Your genes are not your fate.
Nonetheless, genes can tell us a lot about our risk for disease, and sometimes they can tell us how to lead healthier lives.
The landscape of the human genome is vast and mostly unexplored. There is far, far more that we don’t know than we do know. This is why it’s so important that as we test people for genetic mutations, we share information as much as possible. Genes have different effects on different people, and a mutation that is harmful in one group might be harmless in another. If we’re ever to fill in all the gaps in our knowledge, we have to pool our resources by sharing data.
This is the goal of ClinGen, a new project described in this week’s New England Journal of Medicine. ClinGen relies on a public database called ClinVar, where researchers, clinical labs, clinicians, and patients can deposit information about genetic variants and their effect on disease.
What makes this effort so complex is that many disease-causing mutations are quite rare. If two patients share the same disease and the same genetic mutation, and if we’ve never seen that mutation before, can we claim that the mutation cause the disease? Not really: we might have to wait until we’ve seen many more patients before we can have any confidence in the cause-and-effect relationship. This is why sharing data is so important: more data means more power to discriminate between real effects and coincidences.

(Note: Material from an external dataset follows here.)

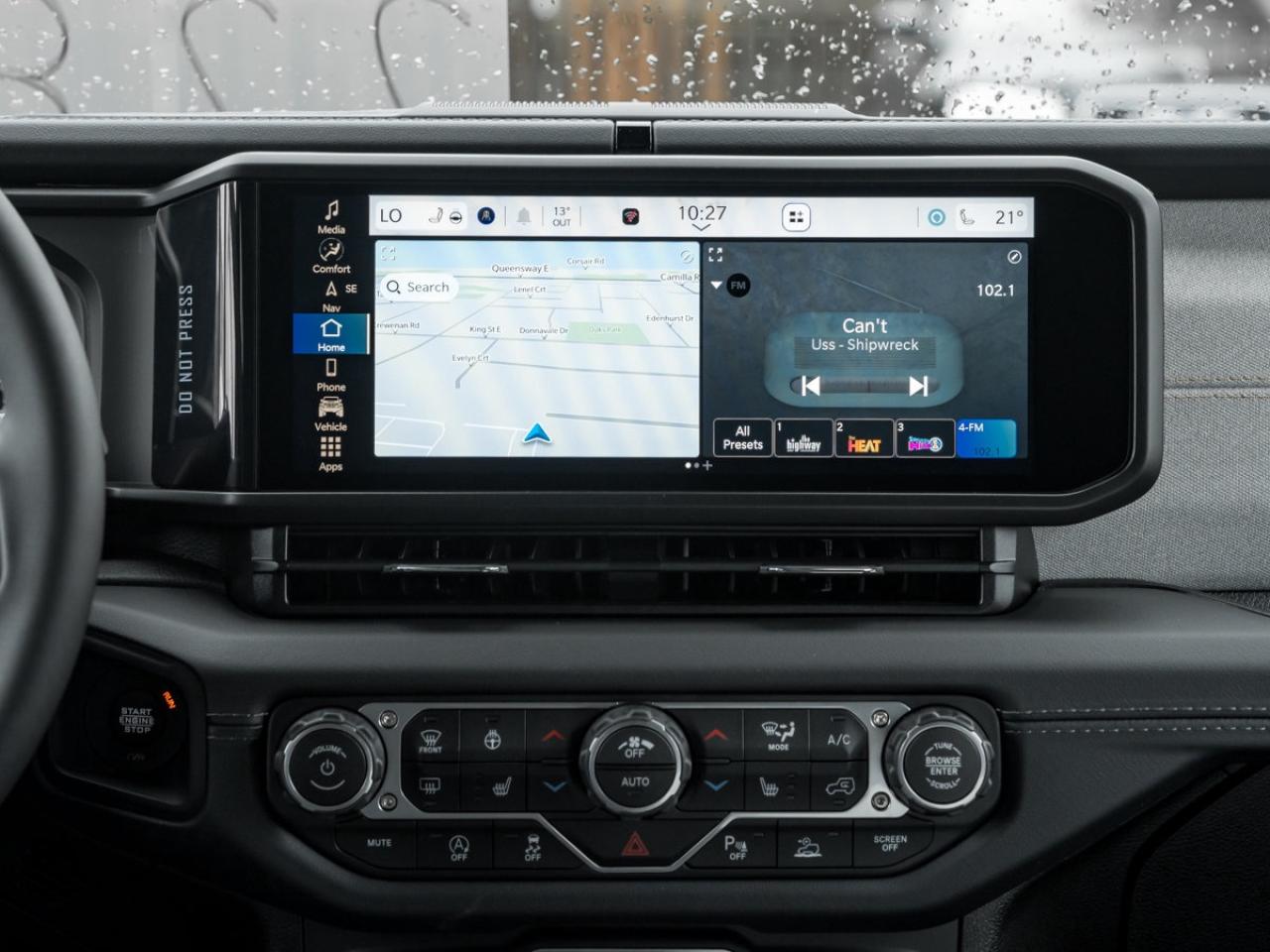 2025 Jeep Wrangler 4-Door SAHARA Photo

ClinGen has already shown us that our knowledge has flaws: perhaps 17% of the disease associations that clinicians have reported might be incorrect. More precisely, the NEJM paper reports that out of more than 118,000 mutations that have a clinical affect, almost 13,000 were reported by more than one lab. Of those, 17% were interpreted inconsistently, with some labs calling mutations “pathogenic” while other labs calling them benign.
I disagree with the headline of an AP report headlined “flaws in gene testing,” which reported that
“The first report from a big public-private project to improve genetic testing reveals it is not as rock solid as many people believe.”
This is a straw man argument: experts in the field don’t think genetic testing is “rock solid”, and the 17% rate of disagreement in disease-mutation association is not that surprising. What’s more, these conflicts don’t always represent flaws, but rather holes in our knowledge that we just haven’t filled yet.
Disagreements over the effects of a genetic mutation represent opportunities to clarify and improve our genetic knowledge base. And as the ClinGen authors emphasize, it’s only by sharing our findings that we can discover and correct these flaws. This is why clinicians, scientists, and labs need to adopt a culture of sharing results, as the ClinGen project has emphasized (see their “Wall of Fame” of labs and institutions that have shared data).
All of us have mutations in our DNA; geneticists estimate that each of us carries perhaps 30 new mutations that even our own parents don’t share. The vast majority of these, fortunately, are harmless. Even mutations that do affect our health usually only have a small influence, changing our risk for disease but not actually causing it.
I’d be remiss if I didn’t point out that sometimes, your genes are your fate. If you have certain mutations in the CFTR gene, you will have cystic fibrosis, and some mutations in the HTT gene will inevitably cause Huntington’s disease.
As geneticist Luke Jostins cogently wrote, identical twins usually don’t die from the same thing. So even though genes may influence our fate, we still have control over it. Knowing your genetic risks can be valuable, but we have a lot more to learn about how our genes influence our health.